**WORK INSTRUCTION**: For this exercise, return exactly the lines of the material below that begin at the one with "Kulolo from Kauai" and stop after the one with "Ranking club rugby".

**DATA IN THIS EXERCISE**:
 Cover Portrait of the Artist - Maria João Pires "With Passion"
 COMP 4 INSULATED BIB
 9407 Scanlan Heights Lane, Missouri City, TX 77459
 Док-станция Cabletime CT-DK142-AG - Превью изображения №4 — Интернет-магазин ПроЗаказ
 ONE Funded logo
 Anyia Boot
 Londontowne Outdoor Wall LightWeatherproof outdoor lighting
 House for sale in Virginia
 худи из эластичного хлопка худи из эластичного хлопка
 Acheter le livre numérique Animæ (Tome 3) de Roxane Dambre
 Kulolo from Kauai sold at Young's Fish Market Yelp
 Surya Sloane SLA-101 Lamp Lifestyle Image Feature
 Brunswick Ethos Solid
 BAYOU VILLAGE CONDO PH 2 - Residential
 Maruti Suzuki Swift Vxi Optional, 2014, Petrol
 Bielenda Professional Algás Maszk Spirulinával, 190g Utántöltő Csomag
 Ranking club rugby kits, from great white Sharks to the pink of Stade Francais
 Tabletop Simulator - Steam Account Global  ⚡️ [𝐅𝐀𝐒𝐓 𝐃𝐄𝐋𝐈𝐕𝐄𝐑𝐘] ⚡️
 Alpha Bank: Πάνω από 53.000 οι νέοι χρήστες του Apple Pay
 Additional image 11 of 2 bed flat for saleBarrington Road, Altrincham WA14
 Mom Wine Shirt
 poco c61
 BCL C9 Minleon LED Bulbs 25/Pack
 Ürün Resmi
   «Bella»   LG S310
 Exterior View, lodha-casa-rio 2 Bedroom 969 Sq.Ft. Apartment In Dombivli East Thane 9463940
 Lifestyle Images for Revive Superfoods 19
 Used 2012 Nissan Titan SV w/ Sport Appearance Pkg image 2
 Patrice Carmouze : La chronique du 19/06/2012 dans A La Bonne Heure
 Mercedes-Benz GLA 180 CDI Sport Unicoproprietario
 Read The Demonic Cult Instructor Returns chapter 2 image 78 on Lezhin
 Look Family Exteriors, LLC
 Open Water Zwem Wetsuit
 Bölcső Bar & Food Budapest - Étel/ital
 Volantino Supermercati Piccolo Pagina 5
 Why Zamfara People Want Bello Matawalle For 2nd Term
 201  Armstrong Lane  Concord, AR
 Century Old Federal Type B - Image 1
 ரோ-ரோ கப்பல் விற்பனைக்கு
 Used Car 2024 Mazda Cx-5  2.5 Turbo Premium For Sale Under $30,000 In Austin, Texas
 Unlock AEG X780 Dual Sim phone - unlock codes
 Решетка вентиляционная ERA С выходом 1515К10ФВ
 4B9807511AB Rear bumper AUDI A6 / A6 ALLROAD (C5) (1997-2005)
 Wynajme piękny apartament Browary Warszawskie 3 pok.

**TASK RESPONSE**:
 Kulolo from Kauai sold at Young's Fish Market Yelp
 Surya Sloane SLA-101 Lamp Lifestyle Image Feature
 Brunswick Ethos Solid
 BAYOU VILLAGE CONDO PH 2 - Residential
 Maruti Suzuki Swift Vxi Optional, 2014, Petrol
 Bielenda Professional Algás Maszk Spirulinával, 190g Utántöltő Csomag
 Ranking club rugby kits, from great white Sharks to the pink of Stade Francais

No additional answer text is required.